Architecture: Why is OpenGL state-based?


Having had a very superficial look into OpenGL as a developer in the recent past, I’m aware that it uses a state-based system to take in arguments/parameters and only afterward apply actual operations by implicitly using those pre-set arguments/parameters in the necessary function call.

Is there anyone here who knows what the underlying technical reasons for that decision were? I am guessing this is an answer that would have to come from someone who has worked on the Development Team at some point.

The reason I ask this is that I currently see a possible need for a state-based system in an application I am building, and would like to know if my reasoning is near the mark.

Please – no guesses or suggestions – I would like to hear only from those who are certain (or very close to it) of the hard historical facts.

Many thanks,


OpenGL is an architecture designed to be performant on the hardware of the day. It was build on the experience from IrisGL, which was not formally designed, but evolved with the hardware.

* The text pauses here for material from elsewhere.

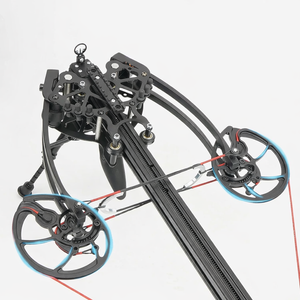 White Smoke BAT Compound Bow with Composite Fiber Limbs, Iron Sights and Adjustable 40ā80 lbs Draw Weight for Outdoor Recreational Sports INDIAN SLINGSHOT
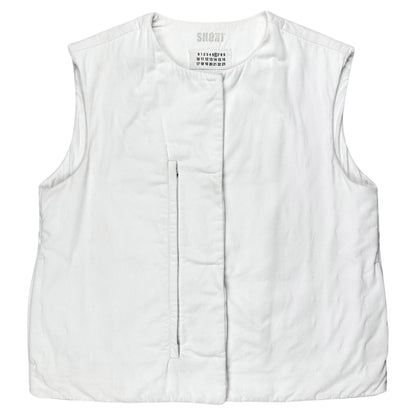 Maison Martin Margiela Cropped Detachable Scarf Vest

Afaik the state machine models closely the hardware at the time (and vice versa), e.g., a certain state would correspond to a certain register (or flag in the firmware).

I can think of two main reasons:

  1. Allows for easy backwards compatibility on the source level. You develop some new hardware that does X. Instead of adding a new render entry point that has an extra parameter for X, you simply add a state setting.

  2. Allows easy use of the API by being able to ignore things you do not need / care about.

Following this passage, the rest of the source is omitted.